The most I have ever heard of was alfalfa in New Mexico under heavy pivot on an 8 cutting per year rotation, all fertilizer applied thru the pivot.. 12 ton/acre dry matter. They put up damn good hay, about 3,000 acres worth.

What we got with our 70% alfalfa/30% orchard grass mix in southern IA on 4 cuttings: consistently cut 9 ton/acre when chopped as hayleage. Lose a ton or more per acre when baled. Lose another ton or so if pure alfalfa. This is heavy clay loam soils on hill ground with lots of manure applied from the dairy.

Cutting system made more of a difference than anything. The more we had to bale vs. chopping, the less tonnage we harvested. We could lose a cutting if we ended up bogged down with baling too much.


----------



## Gearclash (Nov 25, 2010)

Best thing we ever did for our alfalfa yeilds was quit applying liquid dairy manure right after a cutting was removed. At the time we had no choice because our manure storage was very limited.


----------



## IAhaymakr (Jun 4, 2008)

Gearclash said:


> Best thing we ever did for our alfalfa yeilds was quit applying liquid dairy manure right after a cutting was removed. At the time we had no choice because our manure storage was very limited.

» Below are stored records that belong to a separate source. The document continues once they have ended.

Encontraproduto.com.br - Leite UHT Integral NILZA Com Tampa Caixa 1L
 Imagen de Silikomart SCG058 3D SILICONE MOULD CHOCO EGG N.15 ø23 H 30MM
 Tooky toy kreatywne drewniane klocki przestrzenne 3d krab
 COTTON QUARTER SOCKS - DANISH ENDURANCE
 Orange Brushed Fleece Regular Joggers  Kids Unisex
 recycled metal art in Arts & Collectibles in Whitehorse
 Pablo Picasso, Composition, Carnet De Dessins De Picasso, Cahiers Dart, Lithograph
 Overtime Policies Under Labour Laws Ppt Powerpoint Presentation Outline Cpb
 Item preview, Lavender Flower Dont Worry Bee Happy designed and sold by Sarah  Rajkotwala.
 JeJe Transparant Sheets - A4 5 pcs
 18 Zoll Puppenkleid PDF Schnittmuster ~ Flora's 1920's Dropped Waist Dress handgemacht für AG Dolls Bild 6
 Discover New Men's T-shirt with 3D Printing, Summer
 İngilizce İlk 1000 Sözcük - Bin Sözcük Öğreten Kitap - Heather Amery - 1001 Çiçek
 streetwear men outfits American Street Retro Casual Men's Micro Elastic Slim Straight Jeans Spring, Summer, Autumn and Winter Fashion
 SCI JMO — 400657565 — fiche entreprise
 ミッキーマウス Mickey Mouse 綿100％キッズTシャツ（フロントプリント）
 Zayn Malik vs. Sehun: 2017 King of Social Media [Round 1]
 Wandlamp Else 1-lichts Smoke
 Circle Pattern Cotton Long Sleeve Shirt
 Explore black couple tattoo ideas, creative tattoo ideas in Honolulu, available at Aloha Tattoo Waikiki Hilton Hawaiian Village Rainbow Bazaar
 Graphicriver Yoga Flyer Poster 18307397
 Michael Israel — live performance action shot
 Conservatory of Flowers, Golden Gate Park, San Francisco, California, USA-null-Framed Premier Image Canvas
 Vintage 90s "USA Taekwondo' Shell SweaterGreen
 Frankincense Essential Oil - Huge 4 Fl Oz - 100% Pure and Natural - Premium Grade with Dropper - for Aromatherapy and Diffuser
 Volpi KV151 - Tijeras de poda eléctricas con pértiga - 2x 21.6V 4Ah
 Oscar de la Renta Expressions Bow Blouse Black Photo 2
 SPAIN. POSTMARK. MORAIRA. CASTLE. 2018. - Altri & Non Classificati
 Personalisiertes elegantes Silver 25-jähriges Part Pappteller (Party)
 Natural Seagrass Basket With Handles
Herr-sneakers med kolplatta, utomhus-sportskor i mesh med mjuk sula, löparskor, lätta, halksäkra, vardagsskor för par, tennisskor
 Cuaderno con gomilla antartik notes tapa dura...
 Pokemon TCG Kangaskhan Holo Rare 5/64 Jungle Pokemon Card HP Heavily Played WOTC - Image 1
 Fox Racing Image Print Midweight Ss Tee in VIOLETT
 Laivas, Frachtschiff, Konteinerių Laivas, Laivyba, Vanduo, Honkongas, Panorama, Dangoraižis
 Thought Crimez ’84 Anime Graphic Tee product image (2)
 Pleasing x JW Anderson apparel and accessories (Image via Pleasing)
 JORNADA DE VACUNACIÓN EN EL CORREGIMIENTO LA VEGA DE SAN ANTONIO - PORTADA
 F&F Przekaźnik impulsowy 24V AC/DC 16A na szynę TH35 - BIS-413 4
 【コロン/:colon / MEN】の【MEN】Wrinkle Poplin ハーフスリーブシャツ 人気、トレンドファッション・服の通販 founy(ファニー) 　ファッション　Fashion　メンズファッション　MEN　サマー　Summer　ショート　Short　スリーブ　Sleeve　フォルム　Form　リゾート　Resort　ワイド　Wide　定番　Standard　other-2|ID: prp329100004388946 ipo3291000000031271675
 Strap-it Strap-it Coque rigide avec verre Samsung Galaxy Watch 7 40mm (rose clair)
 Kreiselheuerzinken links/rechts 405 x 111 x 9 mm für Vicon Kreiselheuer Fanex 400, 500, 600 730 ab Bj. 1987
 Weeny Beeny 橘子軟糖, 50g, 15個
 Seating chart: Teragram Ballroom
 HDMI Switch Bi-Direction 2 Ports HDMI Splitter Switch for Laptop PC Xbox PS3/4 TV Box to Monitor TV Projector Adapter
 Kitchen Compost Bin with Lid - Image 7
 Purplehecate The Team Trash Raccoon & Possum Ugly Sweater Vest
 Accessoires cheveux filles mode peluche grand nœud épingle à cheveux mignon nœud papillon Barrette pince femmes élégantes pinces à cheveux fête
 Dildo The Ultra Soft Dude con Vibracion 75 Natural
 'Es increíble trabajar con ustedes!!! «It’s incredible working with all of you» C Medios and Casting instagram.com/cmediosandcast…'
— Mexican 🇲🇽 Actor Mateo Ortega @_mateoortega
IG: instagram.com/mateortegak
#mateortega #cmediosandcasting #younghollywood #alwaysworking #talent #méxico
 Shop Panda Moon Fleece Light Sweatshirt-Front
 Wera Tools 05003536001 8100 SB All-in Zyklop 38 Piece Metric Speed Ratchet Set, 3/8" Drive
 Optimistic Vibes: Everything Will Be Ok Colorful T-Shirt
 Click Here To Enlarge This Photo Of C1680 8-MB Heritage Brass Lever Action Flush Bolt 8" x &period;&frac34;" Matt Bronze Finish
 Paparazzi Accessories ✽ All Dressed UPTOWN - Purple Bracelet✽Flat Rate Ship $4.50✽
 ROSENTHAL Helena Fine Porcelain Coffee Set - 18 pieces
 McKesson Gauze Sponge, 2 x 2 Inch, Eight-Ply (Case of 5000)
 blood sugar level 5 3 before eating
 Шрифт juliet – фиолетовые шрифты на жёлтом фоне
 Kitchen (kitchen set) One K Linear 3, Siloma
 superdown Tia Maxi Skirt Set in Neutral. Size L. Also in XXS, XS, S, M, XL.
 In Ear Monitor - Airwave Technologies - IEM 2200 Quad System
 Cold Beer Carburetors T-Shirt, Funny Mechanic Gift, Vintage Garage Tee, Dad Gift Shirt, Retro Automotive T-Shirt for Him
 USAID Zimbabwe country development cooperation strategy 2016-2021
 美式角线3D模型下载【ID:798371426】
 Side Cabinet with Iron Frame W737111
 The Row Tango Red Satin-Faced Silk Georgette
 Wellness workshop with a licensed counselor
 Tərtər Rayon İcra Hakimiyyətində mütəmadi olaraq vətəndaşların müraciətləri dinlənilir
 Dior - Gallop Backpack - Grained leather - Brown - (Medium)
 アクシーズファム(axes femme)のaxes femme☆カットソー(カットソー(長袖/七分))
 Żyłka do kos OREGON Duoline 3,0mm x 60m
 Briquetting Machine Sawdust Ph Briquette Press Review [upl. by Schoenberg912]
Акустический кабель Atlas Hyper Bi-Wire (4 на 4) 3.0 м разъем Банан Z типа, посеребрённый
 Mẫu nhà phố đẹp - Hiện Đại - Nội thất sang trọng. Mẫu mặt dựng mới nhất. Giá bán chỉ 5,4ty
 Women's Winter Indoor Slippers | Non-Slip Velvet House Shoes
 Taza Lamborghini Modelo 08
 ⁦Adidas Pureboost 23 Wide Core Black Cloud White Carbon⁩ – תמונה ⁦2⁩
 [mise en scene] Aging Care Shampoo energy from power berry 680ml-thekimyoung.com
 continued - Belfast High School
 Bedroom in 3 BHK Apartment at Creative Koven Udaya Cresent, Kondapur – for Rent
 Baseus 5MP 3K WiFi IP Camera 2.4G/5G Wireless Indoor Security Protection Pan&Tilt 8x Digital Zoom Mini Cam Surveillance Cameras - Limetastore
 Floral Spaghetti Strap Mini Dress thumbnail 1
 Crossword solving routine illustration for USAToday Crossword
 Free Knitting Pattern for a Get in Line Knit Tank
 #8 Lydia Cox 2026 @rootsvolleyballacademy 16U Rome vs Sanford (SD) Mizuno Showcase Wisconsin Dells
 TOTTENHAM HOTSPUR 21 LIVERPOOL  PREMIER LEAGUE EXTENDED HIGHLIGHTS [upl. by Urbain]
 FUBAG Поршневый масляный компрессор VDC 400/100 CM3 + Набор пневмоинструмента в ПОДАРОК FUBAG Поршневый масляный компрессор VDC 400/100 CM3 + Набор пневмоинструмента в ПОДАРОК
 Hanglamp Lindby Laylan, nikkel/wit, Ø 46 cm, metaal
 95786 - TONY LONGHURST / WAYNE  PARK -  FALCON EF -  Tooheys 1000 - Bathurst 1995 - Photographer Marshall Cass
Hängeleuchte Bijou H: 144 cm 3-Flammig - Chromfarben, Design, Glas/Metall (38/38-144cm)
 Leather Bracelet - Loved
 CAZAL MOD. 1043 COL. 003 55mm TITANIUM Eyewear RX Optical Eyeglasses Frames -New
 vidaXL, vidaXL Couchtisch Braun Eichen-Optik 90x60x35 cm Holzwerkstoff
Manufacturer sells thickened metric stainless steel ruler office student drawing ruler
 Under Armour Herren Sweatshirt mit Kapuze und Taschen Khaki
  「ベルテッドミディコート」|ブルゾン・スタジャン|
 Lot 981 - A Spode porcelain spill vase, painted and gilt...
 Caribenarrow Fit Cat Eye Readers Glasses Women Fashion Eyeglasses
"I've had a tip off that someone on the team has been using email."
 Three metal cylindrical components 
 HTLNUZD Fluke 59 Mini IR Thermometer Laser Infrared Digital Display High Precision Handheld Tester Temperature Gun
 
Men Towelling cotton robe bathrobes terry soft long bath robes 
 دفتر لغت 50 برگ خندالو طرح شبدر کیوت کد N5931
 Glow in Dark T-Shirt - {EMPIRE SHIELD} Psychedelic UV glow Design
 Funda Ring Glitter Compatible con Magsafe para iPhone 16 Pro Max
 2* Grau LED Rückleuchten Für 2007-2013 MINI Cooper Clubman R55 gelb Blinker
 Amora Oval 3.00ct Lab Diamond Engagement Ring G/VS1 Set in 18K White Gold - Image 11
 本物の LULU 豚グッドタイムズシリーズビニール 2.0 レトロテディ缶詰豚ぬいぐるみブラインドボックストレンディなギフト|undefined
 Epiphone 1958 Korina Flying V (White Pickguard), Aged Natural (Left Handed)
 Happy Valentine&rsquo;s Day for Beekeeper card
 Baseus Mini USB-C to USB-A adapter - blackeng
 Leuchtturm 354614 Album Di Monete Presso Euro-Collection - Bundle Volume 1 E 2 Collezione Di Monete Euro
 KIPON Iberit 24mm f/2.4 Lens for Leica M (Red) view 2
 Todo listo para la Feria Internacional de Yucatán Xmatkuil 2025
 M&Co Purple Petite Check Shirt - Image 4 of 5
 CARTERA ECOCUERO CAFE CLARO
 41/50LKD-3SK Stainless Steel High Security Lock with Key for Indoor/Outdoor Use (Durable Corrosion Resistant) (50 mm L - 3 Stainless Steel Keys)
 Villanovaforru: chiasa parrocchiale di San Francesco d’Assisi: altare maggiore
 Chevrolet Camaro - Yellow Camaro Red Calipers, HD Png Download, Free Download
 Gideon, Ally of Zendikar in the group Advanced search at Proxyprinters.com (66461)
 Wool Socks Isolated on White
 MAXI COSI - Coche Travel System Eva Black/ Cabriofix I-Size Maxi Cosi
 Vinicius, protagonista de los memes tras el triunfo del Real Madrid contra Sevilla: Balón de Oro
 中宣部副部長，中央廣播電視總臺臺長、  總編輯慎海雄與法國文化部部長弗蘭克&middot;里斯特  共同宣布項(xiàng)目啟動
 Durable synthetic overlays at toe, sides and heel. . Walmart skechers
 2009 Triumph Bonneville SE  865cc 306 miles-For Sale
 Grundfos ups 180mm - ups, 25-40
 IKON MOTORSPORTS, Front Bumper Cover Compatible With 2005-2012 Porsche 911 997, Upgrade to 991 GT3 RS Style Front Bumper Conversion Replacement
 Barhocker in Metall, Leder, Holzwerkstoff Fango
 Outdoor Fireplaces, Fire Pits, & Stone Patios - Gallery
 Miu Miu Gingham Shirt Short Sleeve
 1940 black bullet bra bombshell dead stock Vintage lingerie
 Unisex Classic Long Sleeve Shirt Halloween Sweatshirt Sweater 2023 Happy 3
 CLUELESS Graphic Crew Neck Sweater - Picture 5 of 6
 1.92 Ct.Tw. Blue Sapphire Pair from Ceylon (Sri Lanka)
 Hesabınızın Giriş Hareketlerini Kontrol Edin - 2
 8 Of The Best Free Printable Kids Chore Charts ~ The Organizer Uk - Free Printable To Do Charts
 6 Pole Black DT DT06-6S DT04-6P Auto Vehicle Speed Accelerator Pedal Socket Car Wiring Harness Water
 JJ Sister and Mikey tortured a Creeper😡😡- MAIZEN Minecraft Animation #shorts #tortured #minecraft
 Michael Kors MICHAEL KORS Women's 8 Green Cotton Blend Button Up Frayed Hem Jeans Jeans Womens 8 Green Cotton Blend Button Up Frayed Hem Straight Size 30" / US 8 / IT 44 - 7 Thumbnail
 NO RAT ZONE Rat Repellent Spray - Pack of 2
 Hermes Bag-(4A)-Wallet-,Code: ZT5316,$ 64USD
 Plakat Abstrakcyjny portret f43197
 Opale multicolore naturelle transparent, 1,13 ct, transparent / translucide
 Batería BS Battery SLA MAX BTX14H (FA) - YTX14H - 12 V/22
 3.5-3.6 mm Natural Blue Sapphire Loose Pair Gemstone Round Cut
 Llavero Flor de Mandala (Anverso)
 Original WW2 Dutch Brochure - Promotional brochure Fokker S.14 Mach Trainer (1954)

Really? Why is that? Yield drag from tanker tracks? That can sure be a problem. We like to get the dragline outfit to apply it to get away from those heavy tanks. Is there something else I am not aware of? I have always been in favor of applying 8-10 thousand gallons after removing a cutting and noticed positive yield response every time.


----------



## Teslan (Aug 20, 2011)

So I'm sort of confused by this talk of applying fertilizer on alfalfa? Especially the applying liquid dairy manure right after cutting? Is that each cutting every year? Are you talking fertilizing every year with something? Or just keeping an eye on PH. The only thing that farmers do for alfalfa in this area is maybe add a little sulfur every few years. We get 4 cuttings a year if going for highest RFV for dairy or 3 cuttings for more tons per cut and a longer stand life. Average 6-7 tons an acre.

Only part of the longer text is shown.